Romney had won Colorado four years earlier, and his team had expected his backers to turn out in earnest again. But by the time Romney turned his attention to Colorado, dropping a token sum on television ads in the campaign's closing days, the state was slipping from his grasp.
"A tactical mistake they made was they did try to win Colorado, and failed," Black said of the Romney campaign. "They got outhustled."
It was Santorum's three wins -- in Colorado, Minnesota and Missouri -- that established him as Romney's chief rival -- and set the course for two more months of the nomination fight.
So far in the general election, supporters say Romney has shown he's adept at countering Obama -- if not working to prevent a rise -- in key states.
Romney pre-empted the president this week in North Carolina and Ohio, which Obama won in 2008 and are competitive this year. And, as he has elsewhere, Romney used Obama's own pledges from the 2008 campaign against him in both states.
But even if Romney's campaign successfully limits tactical mistakes, it's an open question whether the candidate himself can avoid the verbal gaffes that have given Republicans and Democrats alike fodder to attack. Such remarks fueled the notion that Romney's nothing more than a wealthy businessman who does not relate to the pain of everyday Americans in a fragile economy.
GOP strategists say Romney must curb his tendency for such awkward remarks, which will be amplified in the general election.

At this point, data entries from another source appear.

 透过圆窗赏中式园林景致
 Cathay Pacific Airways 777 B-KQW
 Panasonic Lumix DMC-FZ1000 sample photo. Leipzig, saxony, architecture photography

In February, for instance, Romney was trying to explain his efforts to focus on middle-class voters when he said: "I'm not concerned about the very poor." Later that month, Romney said in Michigan, a state with nearly 9 percent unemployment, that his wife "drives a couple of Cadillacs." A few days later, attending the Daytona 500 in Florida, he said, "I have some great friends who are NASCAR team owners."
The most recent gaffe came from a staffer: Senior adviser Eric Fehrnstrom suggested that Romney could reset his strategy after nailing down the GOP nomination, likening the transition to erasing the image on an Etch A Sketch.
Still, for all those comments, Romney's campaign has shown an ability to return the focus to Obama, which Republicans say will be critical in this campaign.